Provided data |
※ ※ ※
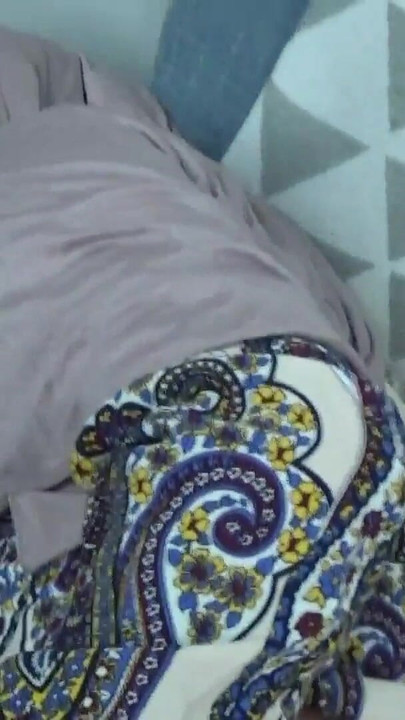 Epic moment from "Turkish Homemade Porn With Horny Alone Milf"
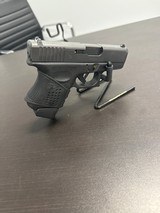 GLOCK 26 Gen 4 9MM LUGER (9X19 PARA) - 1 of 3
※ ※ ※
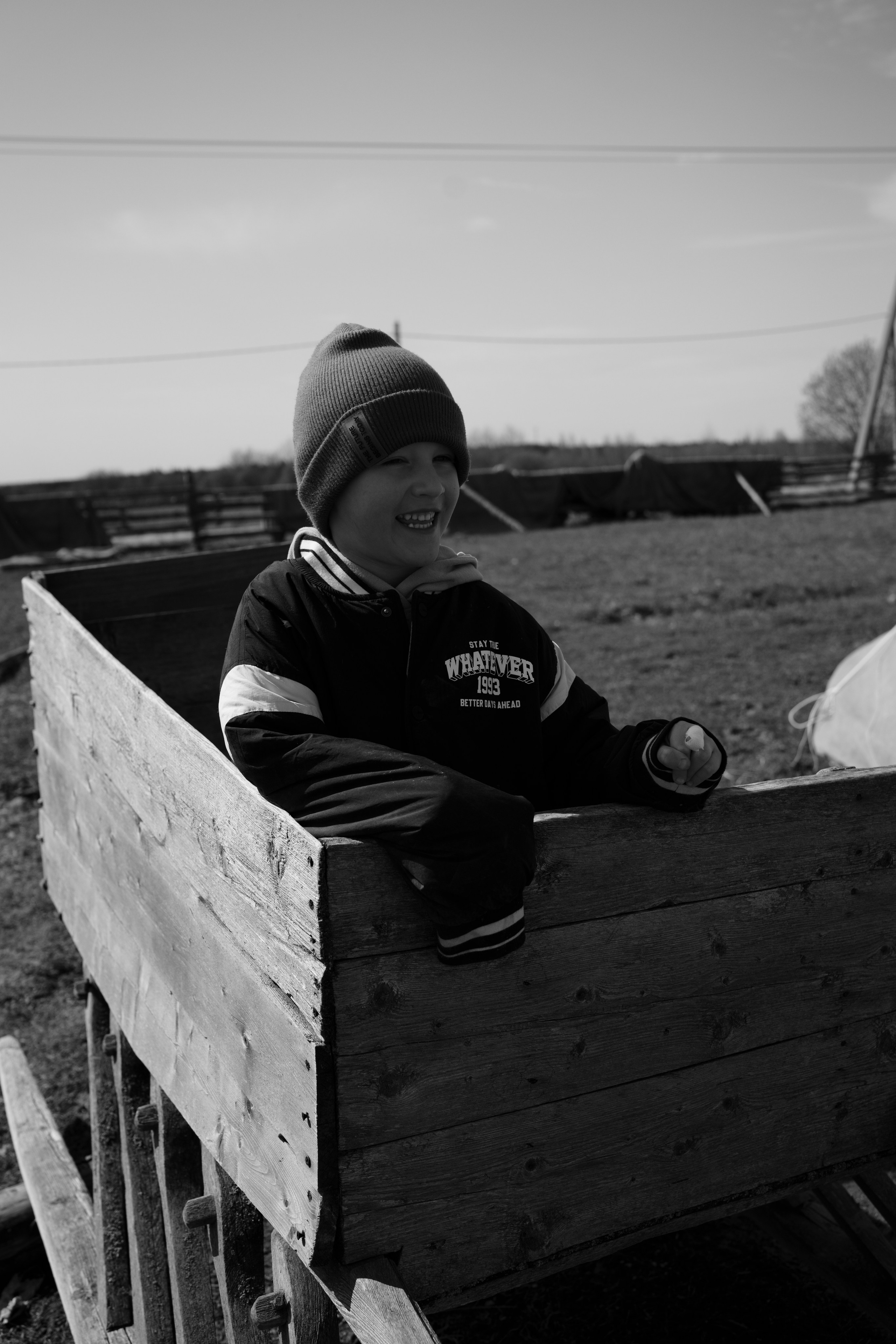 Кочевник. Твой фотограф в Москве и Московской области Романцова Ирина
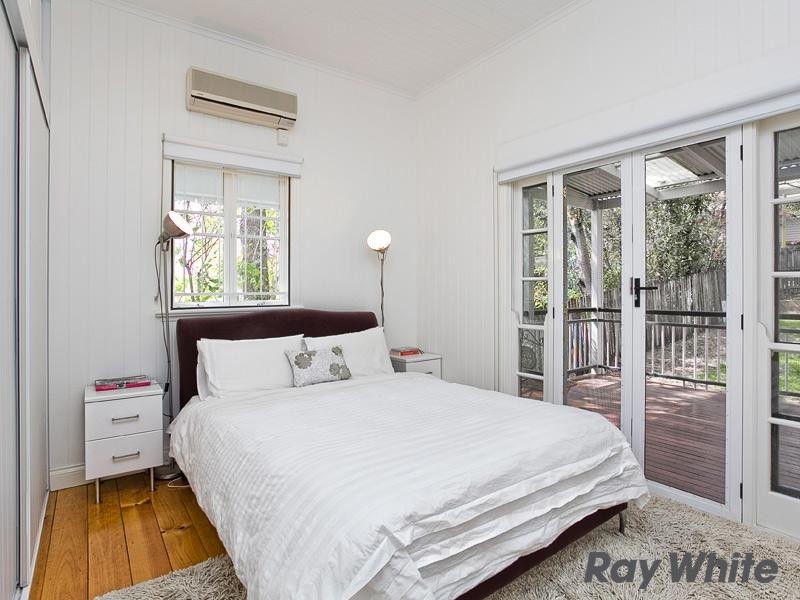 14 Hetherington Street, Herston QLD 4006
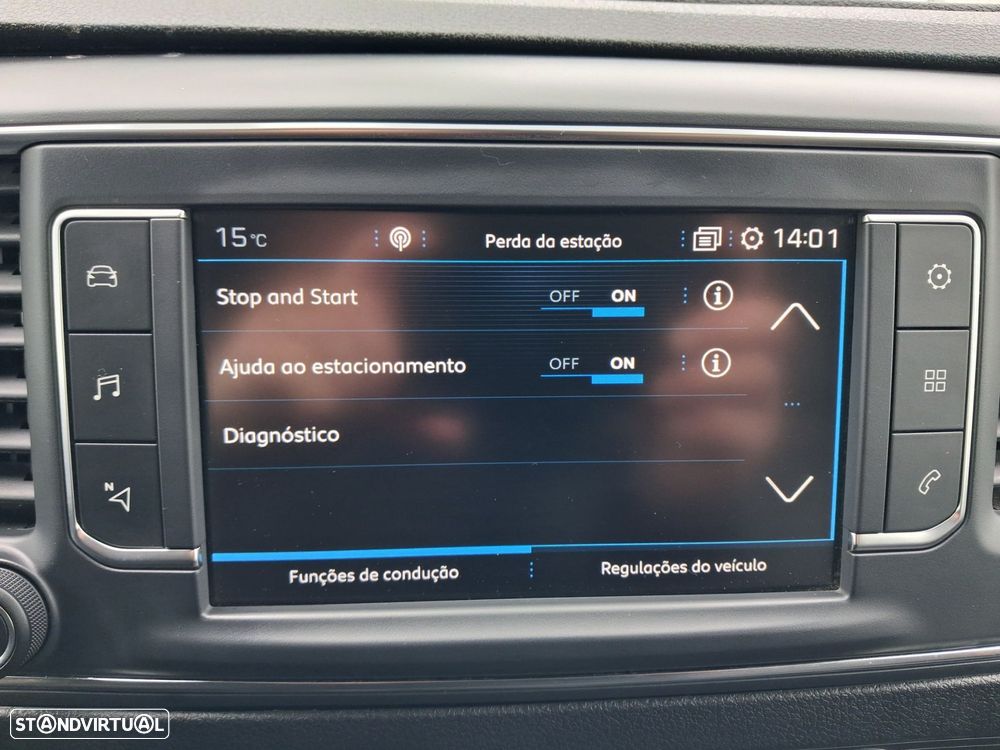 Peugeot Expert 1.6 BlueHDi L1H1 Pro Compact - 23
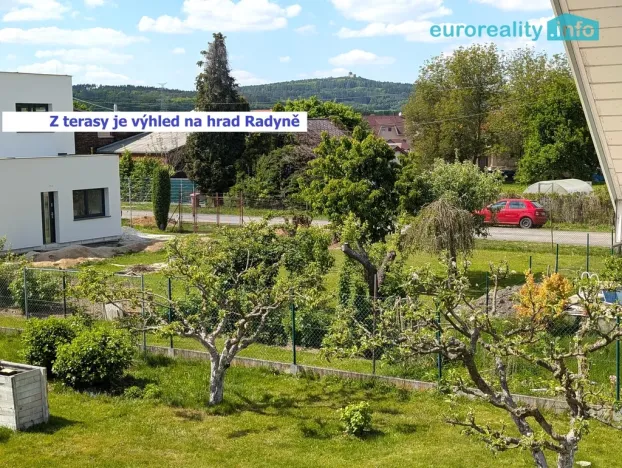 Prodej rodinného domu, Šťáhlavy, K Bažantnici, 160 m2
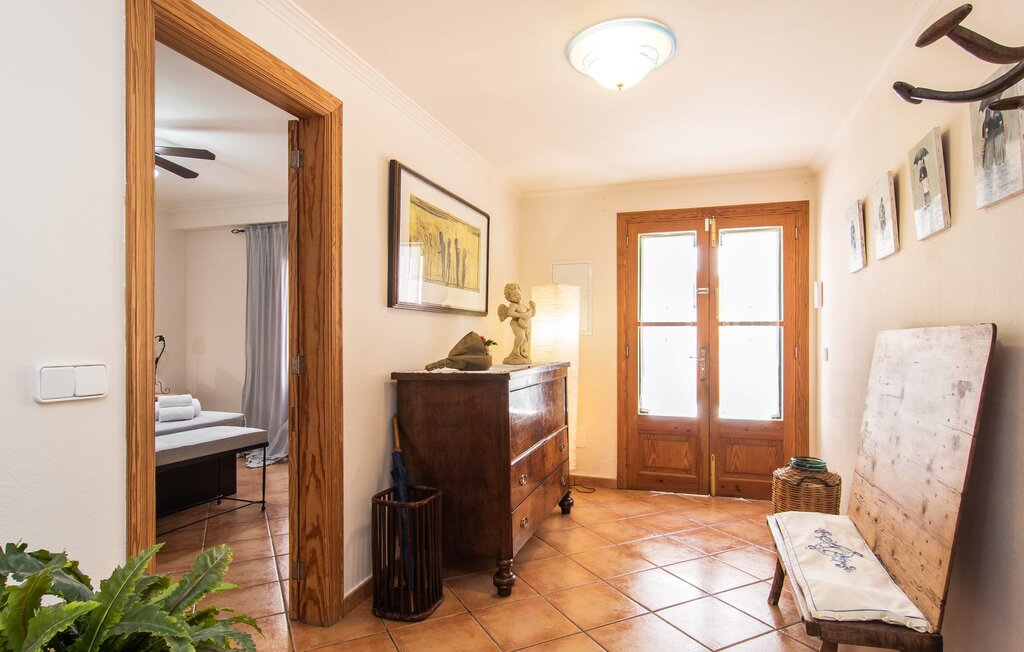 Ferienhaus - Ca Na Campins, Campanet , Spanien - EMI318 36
※ ※ ※
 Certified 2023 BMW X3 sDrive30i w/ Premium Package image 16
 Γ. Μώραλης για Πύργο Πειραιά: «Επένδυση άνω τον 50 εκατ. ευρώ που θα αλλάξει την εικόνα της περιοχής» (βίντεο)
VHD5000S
※ ※ ※
Work order |
Only one stretch of the listing above is to be duplicated: the lines from the one containing "Peugeot Expert 1.6" through the one containing "Ferienhaus - Ca", both included. Copy them exactly, minus the pictures.

Answer section |
 Peugeot Expert 1.6 BlueHDi L1H1 Pro Compact - 23
 Prodej rodinného domu, Šťáhlavy, K Bažantnici, 160 m2
 Ferienhaus - Ca Na Campins, Campanet , Spanien - EMI318 36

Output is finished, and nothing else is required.